Stan Tug operators are enthusiastic about their vessels. A typical example is the family firm Clyde Marine Services Ltd based at Greenock in Scotland. Describing their activities Managing Director Hamish Munro said: “Our fleet of vessels provide mooring, boarding and towing services around the clock, assisting ship movements within the Clyde area. We operate four Stan Tugs of between 5 and 28 tonnes bollard pull, including Beaver Bay a Stan Tug 1 built in 1978 and purchased by us in 1980. We find them very reliable and our two 19m tugs are a good illustration of continuing development and are excellent tugs. The Stan Tug 1906, Battler has 20 tonnes bollard pull but the later Stan Tug 1907 Bruiser with 28 tonnes was a massive step forward for us”.

Bruiser is the most powerful vessel in the Scottish fleet of Clyde Marine Services Ltd which operates four Stan Tugs of various sizes.

Two Stan Tugs involved in a quite different operation are the Stan Tug 1205 SWS Essex and the Stan Tug 1606 SWS Breda. Employed by S. Walsh and Sons Ltd of Essex, in the UK, both tugs are employed in the transportation of bulk cargoes for the construction industry in and out of London. Working on the tidal river Thames the SWS Breda, with its bollard pull of 16 tonnes, operates a 24 per day service moving 10,000 tonnes of excavated spoil.

SWS Breda works around the clock pushing barges of excavated spoil away from Central London, sometimes moving 10,000 tonnes per day.
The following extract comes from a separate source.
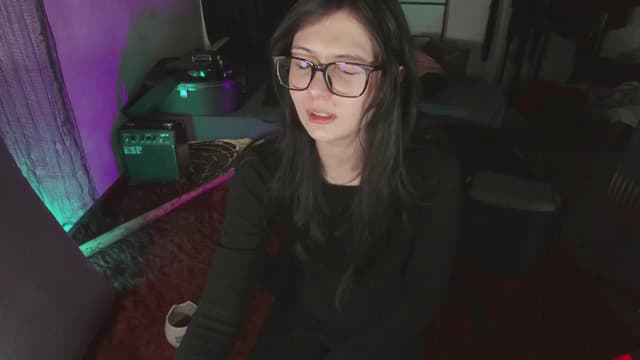 Gallery image thumbnail from snots's myfreecams stream on, 06/23/2024, 07:08 image 3 of 20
A similar pair of Stan Tugs the Asterix (Stan Tug 1205) and Ibex (Stan Tug 1606) recently entered service at the Fawley oil terminal on Southampton Water with the fleet of Solent Towage Ltd, a subsidiary of Norwegian company Ostensjo Rederi. The tugs replaced an 18 year old Damen Stan Tug 1405 and a single-screw Norwegian built vessel. The crews pointed out that although the Asterix is smaller than the tug it replaces, it is more agile and has considerably more bollard pull. Both vessels are used for mooring duties with very large tankers and are now able to assist smaller ships of up to 30,000dwt.